* WORK REQUEST
Using the entries below, copy exactly each line from the line with "Sturgeon River Utilities" up to and including the line with "Multicolor Pattern Background,Unique", with every picture left out.

* DATA
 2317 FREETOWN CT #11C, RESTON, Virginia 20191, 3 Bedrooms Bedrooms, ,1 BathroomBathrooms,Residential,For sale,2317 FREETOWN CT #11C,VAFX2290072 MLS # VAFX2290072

* * *

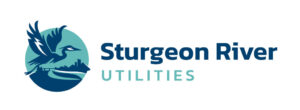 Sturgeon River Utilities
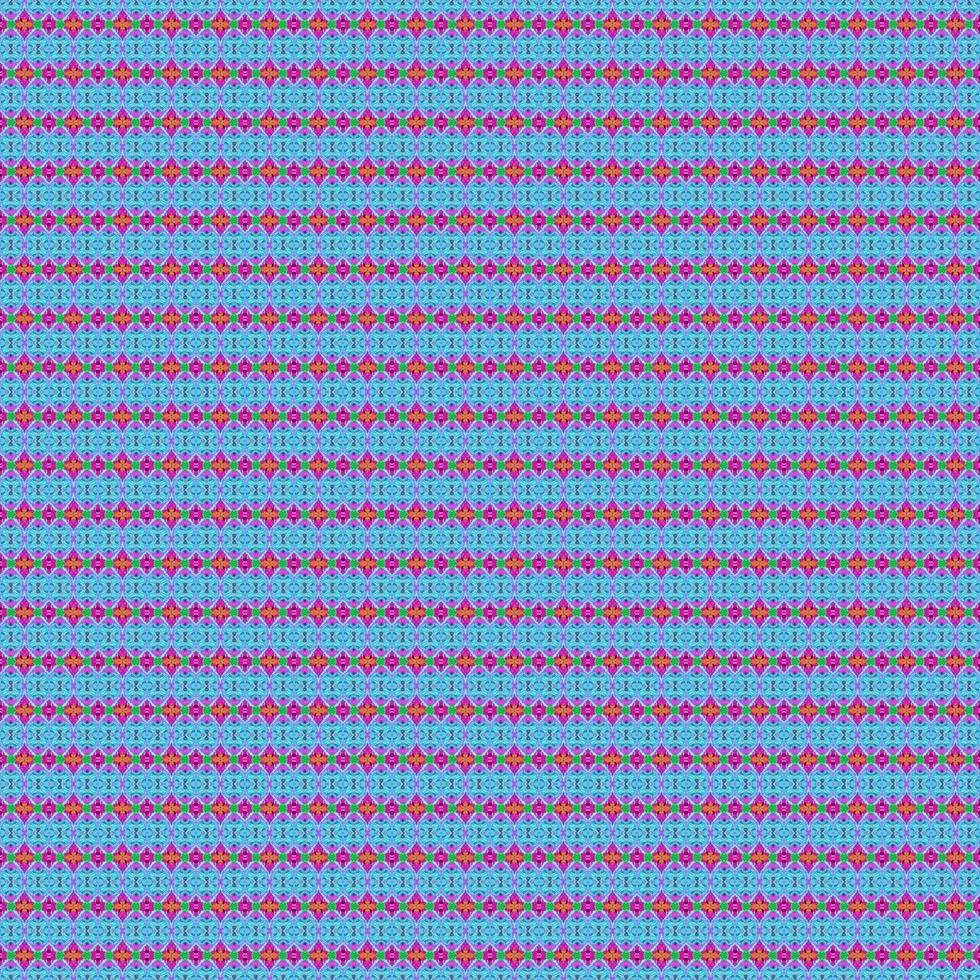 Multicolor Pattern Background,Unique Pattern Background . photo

* ANSWER TO THE PROBLEM
 Sturgeon River Utilities
 Multicolor Pattern Background,Unique Pattern Background . photo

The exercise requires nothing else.